Looking for an investment that will return 200% or more percent a year for the rest of your working life? It’s the money you spend on your education.
During 1996-97, the average tuition and fees in the United States ranged from approximately $1,500 for a public, two-year college to more than $11,000 for a private, four-year college. Add another $6,000 to $12,000 per year for meals, accommodation, books and fees and you have a very rough idea of how much your education will cost. But before you panic, look at the payoff. The average annual wage of high school graduates is $26,000, while those with a bachelor’s degree or higher earn an average of double that amount — about $48,000 a year. If you go to an expensive, private, four year university you may pay up to $25,000 per year for your education, but at an average of $48,000 per year return, your investment will soon pay off big. Furthermore, the cache that comes along a degree from a prestigious school often leads to one of the higher paying jobs — even at the entry level — so even that expensive school pays off.
How much return will you get on your investment in yourself? Well, that’s hard to estimate. It depends on the degree you acquire, where you went to school, and your choice of a career.
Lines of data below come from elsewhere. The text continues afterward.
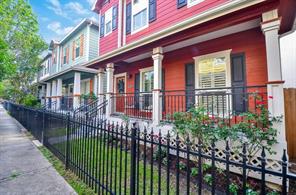 Houston Heights Area property preview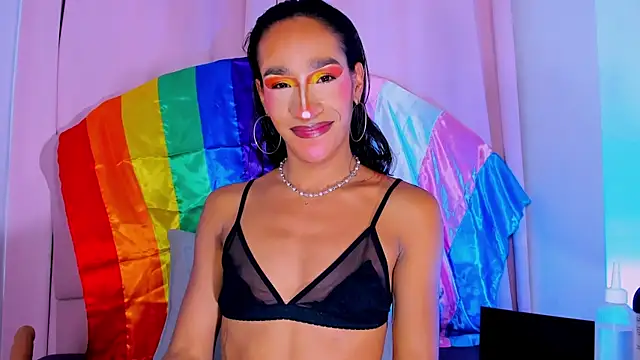 NicoleMadrird Webcam show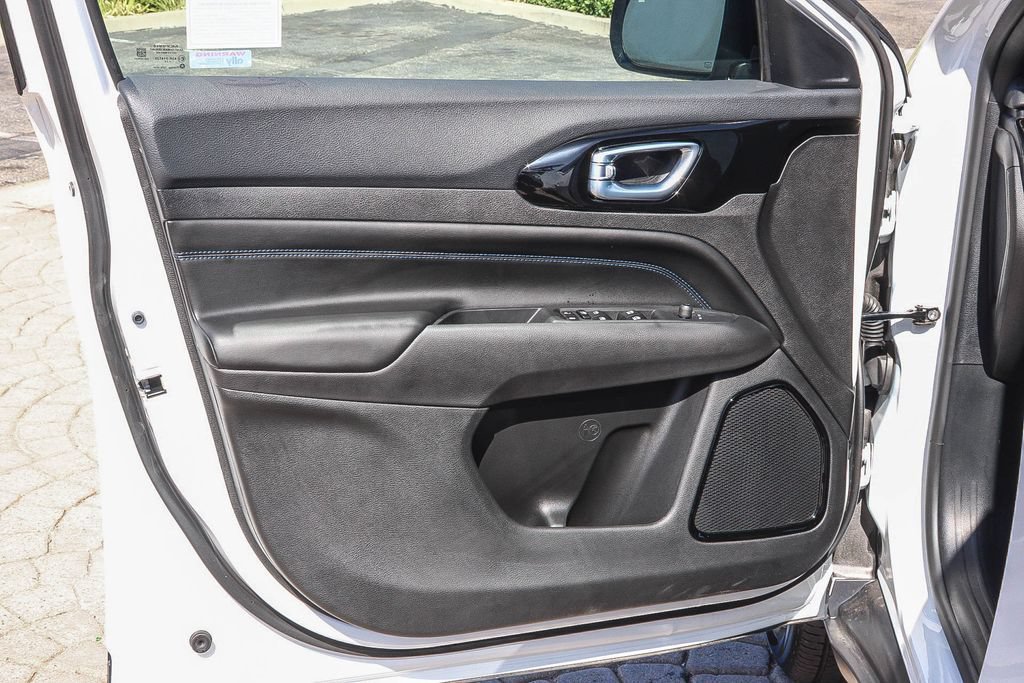 New 2026 Jeep Compass Latitude AWD/4WD image 25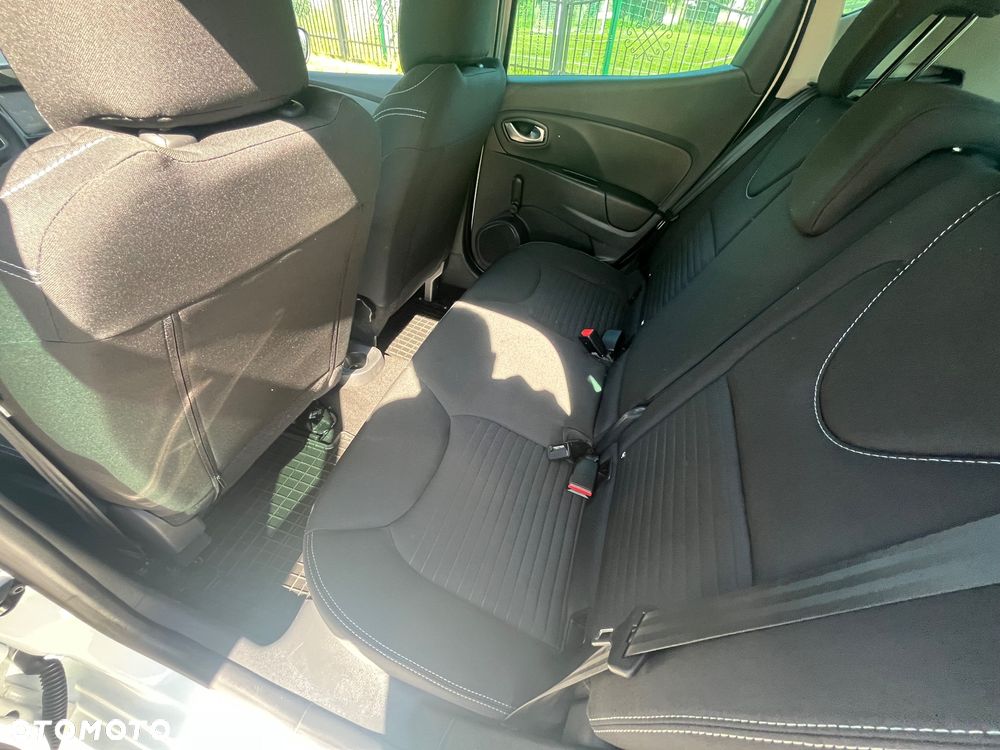 Renault Clio - 15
More education doesn’t always equate to more money. The average salary of some college majors — such as in the social sciences — is often less than salaries of some jobs requiring only technical training, such as plumbers, electricians and mechanics of high-priced foreign cars. However, experts agree that some type of training, whether college or technical, is necessary to compete in the labor force.
Although an education definitely pays off financially, it pays off in other ways, as well. Average Americans change careers three to four times in their lives, and that number is going up with each new group of graduates entering the labor force. In your own lifetime, you may find yourself entering entirely new fields five to seven times. So beyond knowing how to do the job you’re training for now, it’s essential important to be good at problem-solving and communicating with others. Creativity, the ability to work with others and flexibility are also skills that will pay off throughout your work life.
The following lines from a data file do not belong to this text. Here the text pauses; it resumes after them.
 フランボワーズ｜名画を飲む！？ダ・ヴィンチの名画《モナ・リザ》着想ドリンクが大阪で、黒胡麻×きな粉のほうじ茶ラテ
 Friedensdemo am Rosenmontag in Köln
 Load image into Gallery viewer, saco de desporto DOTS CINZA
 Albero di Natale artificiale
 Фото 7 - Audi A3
How much will your education cost? Although the figures we’ve given you are estimates, the fact is, costs vary widely. The best way to begin developing a budget, it to know what school(s) you might life to attend. Then contact your school counselor or the financial aid office in the school you plan to attend. Or visit the college’s web site.
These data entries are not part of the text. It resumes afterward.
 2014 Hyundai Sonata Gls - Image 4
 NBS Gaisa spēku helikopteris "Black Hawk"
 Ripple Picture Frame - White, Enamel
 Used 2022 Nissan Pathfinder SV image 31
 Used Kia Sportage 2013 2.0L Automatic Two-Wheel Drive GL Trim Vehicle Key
- tuition — the amount of money a school charges for the cost of instruction and use of facilities on campus
- fees — pay for other costs such as special activities or events and health care
- room and board — your living expenses. This is determined by whether you live, stay at home and commute to classes, live in a dorm or have an apartment. Unless your university has strict rules about accommodation, it pays to compare the costs of each before choosing your living arrangements
- books and materials — you’ll probably have one or more textbooks for every course, and depending on your major, you may need extra supplies such as computer disks, art supplies, etc. College textbooks are expensive — often $50 to $70 each — so check with your school to see how much they think you should budget for books and materials each term.
Saving Money On College Expenses
Yes, college is expensive, but there are ways you can control your costs. A lot depends on the type of school you attend (public or private school, two-year, four-year vocational/technical program, instate or out-of-state location). Your major, whether you are a full- or part-time student, and where you live also affect costs. Here are some ways to keep school expenses to a minimum:
- Research the educational requirements for the field you plan to enter. Not every field requires a college degree. Remember, though, technical schools, while they give you the training you require, are not always the cheapest choice.
- Public, state-owned or state-funded schools are usually cheaper than privately owned institutions.
- In-state schools are usually cheaper than out-of-state schools.
- Even for out-of-state students, the tuition and fees of the schools in some states, such as Nevada, are considerably less expensive than those in other states. Spend some time comparing tuition costs for out-of-state students around the country.
- Some states, such as Florida, offer a cost-saving two-tier system in which you can spend your first two years commuting to a community college near home and then your last two years in residence at a four-year university away from home. You receive an associates degree for the first to years of your work and the credits are automatically transferred to the university towards your bachelors degree.
- Some states, such as New York, offer easy-to-qualify-for scholarships for residents of that state planning to attend state-owned universities in their home states. Check out whether your state offers such a plan.
- If you have a number of housing options, spend some time researching and comparing costs. Don’t forget “hidden” costs such as the price of phone and electricity, security deposit on an apartment, initiation and membership fees in a Greek letter fellowship, etc.
- When buying textbooks and course materials, check out sources of second-hand books first. Many college bookstores buy back books at the end of the year and recycle them. Or there may be an off-campus source.
A little creativity coupled with taking the time to research your options can make education after high school a lot more affordable than your thought.